**WORK REQUEST**:
Looking at the records below, say how many lines contain "Stock". Nothing else belongs in the answer.

SOURCE DATA below:

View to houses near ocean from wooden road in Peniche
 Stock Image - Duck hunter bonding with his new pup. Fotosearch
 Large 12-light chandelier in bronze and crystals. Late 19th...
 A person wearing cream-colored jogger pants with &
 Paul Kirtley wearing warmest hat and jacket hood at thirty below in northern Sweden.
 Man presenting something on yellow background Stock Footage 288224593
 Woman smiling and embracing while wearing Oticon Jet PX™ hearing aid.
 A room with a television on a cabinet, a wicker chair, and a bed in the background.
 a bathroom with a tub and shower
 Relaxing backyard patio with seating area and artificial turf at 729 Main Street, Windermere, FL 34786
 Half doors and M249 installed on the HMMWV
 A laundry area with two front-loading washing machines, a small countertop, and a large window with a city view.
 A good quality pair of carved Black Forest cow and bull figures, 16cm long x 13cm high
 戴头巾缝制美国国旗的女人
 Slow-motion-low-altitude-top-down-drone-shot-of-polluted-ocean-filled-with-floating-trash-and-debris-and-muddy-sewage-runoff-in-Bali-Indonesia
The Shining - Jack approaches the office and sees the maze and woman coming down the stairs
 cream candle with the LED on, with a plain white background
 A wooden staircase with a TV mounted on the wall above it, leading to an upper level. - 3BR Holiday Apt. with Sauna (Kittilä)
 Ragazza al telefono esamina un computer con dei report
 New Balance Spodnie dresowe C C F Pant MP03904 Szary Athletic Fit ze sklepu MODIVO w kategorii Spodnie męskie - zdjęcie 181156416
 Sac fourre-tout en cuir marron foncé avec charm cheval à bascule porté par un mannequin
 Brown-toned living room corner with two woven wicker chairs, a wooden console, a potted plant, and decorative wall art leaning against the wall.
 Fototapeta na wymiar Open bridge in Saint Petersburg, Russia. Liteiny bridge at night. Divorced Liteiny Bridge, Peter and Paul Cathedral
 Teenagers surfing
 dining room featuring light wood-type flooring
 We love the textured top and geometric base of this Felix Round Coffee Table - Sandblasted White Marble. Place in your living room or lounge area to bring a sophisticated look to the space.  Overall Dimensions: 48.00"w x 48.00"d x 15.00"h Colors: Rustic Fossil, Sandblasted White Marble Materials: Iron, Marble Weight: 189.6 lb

End of SOURCE DATA.

**REPLY TO THE TASK**:
2